- _Work instruction_
For the word "Предварительный", state how many lines of the listing below contain it. Give the number and nothing more.

- _Records shown_

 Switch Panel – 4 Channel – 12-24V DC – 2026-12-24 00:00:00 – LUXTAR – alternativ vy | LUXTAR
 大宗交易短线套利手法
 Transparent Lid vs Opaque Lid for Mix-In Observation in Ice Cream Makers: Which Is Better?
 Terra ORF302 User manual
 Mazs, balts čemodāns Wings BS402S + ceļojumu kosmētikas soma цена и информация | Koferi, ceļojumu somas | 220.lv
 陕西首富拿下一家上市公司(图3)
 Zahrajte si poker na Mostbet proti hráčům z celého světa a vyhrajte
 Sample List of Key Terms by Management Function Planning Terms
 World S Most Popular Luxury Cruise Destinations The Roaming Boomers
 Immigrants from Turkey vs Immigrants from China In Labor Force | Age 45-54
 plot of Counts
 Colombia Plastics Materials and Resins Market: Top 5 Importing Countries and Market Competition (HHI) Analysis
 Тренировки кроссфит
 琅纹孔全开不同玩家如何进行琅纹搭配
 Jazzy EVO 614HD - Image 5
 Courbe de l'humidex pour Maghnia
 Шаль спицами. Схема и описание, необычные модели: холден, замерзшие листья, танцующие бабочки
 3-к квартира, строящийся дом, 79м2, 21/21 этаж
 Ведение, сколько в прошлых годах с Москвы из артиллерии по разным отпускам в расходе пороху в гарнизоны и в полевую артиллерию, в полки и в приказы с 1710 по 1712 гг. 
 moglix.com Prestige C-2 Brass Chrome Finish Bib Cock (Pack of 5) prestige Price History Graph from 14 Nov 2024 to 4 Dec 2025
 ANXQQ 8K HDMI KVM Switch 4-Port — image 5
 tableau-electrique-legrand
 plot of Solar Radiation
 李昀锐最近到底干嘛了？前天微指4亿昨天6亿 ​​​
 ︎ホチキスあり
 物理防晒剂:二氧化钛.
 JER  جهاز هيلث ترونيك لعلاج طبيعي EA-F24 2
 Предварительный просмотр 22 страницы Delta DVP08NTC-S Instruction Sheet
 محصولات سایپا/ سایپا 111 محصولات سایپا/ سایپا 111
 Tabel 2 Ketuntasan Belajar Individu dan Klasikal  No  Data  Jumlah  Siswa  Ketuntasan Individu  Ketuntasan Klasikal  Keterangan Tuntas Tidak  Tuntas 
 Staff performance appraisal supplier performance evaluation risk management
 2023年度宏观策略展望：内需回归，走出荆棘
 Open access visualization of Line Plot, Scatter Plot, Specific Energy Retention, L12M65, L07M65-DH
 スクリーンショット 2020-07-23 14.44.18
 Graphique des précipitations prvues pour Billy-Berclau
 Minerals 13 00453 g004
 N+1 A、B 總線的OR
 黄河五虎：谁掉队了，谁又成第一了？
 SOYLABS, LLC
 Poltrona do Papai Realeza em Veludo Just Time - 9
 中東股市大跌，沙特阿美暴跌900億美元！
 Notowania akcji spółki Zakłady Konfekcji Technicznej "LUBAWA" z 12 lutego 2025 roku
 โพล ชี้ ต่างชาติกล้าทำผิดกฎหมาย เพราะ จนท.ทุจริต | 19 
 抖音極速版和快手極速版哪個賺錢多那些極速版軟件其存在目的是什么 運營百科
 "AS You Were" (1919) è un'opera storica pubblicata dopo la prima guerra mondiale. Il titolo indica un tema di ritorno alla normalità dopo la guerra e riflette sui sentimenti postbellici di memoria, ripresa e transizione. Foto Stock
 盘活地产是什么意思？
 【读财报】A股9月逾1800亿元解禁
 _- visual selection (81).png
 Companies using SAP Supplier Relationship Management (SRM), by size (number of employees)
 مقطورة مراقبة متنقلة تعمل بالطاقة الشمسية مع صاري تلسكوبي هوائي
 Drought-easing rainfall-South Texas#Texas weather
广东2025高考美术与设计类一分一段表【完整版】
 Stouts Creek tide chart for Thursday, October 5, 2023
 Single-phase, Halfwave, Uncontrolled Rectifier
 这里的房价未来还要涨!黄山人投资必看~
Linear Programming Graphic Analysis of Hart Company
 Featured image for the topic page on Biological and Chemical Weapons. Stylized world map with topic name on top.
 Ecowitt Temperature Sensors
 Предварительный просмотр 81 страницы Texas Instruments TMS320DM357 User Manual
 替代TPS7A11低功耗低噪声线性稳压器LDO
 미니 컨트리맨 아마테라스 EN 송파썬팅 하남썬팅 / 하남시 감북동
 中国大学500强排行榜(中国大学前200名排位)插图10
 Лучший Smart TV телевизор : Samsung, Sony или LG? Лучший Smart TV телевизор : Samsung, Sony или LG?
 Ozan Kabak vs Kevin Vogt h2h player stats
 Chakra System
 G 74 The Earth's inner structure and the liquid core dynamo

- _Exercise solution_
2